◆ **Task brief**: Make an exact copy of the records, omitting all images.

◆ **Provided data**:
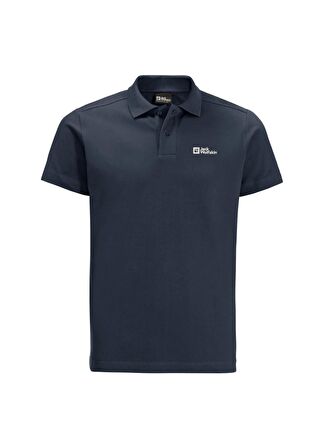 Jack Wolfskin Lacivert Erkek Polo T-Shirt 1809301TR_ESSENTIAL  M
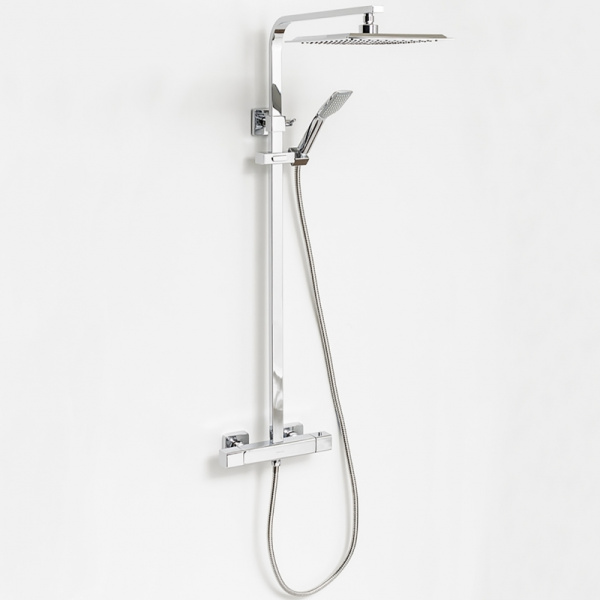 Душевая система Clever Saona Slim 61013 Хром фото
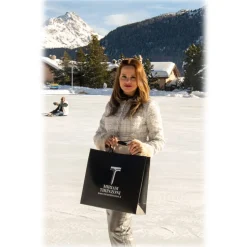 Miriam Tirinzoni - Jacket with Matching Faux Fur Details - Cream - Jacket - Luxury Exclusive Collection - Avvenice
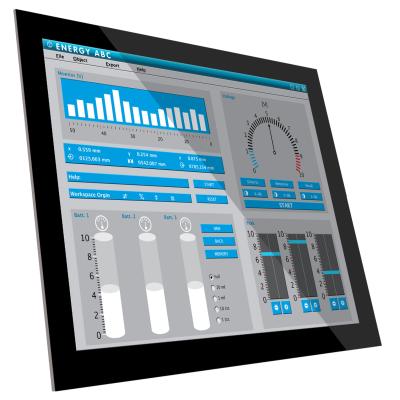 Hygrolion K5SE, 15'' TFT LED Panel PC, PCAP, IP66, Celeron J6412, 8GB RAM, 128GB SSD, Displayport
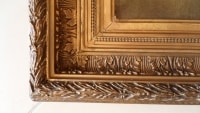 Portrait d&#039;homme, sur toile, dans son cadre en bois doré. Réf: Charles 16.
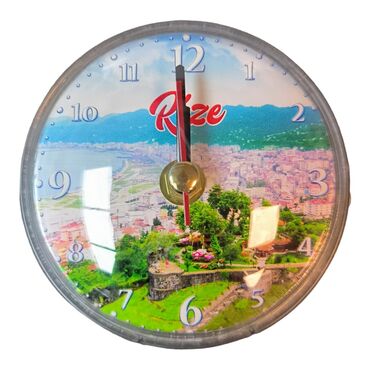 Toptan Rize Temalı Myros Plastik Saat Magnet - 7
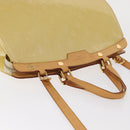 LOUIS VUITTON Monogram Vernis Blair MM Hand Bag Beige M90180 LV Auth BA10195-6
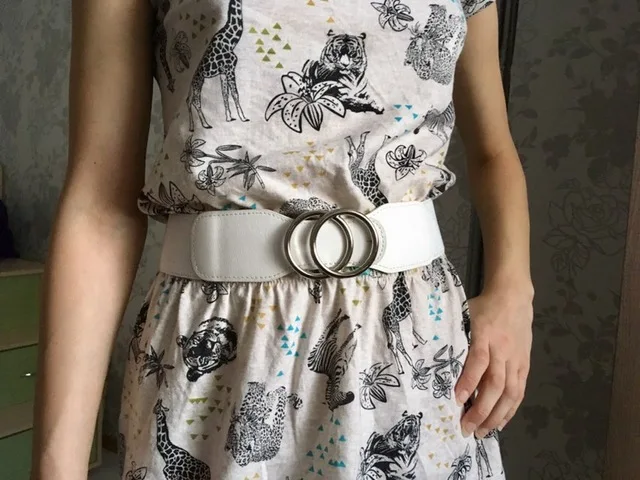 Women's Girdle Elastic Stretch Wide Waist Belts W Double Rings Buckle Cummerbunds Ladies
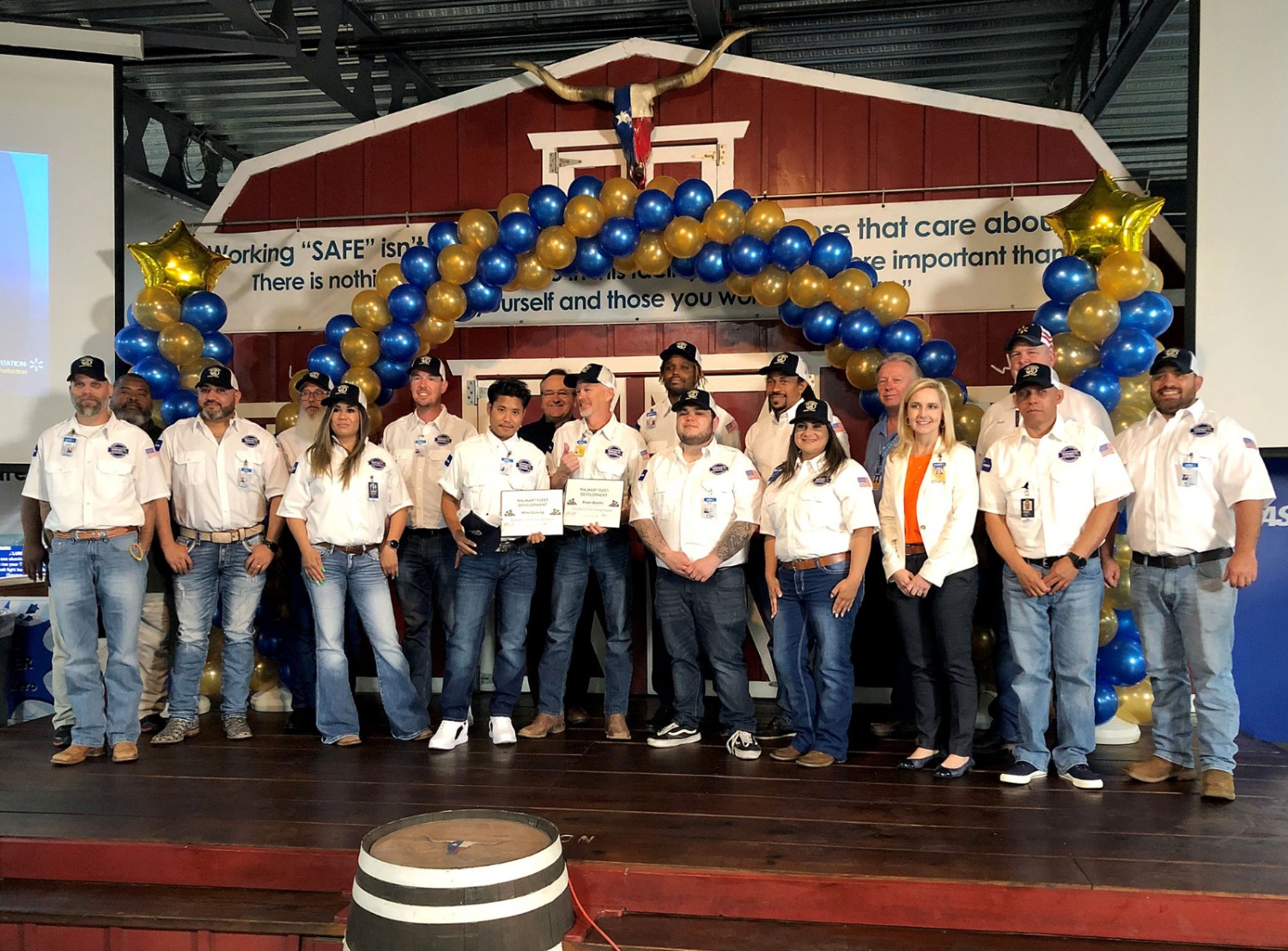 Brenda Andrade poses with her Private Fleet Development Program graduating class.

◆ **Output of the task**:
 Jack Wolfskin Lacivert Erkek Polo T-Shirt 1809301TR_ESSENTIAL  M
 Душевая система Clever Saona Slim 61013 Хром фото
 Miriam Tirinzoni - Jacket with Matching Faux Fur Details - Cream - Jacket - Luxury Exclusive Collection - Avvenice
 Hygrolion K5SE, 15'' TFT LED Panel PC, PCAP, IP66, Celeron J6412, 8GB RAM, 128GB SSD, Displayport
 Portrait d&#039;homme, sur toile, dans son cadre en bois doré. Réf: Charles 16.
 Toptan Rize Temalı Myros Plastik Saat Magnet - 7
 LOUIS VUITTON Monogram Vernis Blair MM Hand Bag Beige M90180 LV Auth BA10195-6
 Women's Girdle Elastic Stretch Wide Waist Belts W Double Rings Buckle Cummerbunds Ladies
 Brenda Andrade poses with her Private Fleet Development Program graduating class.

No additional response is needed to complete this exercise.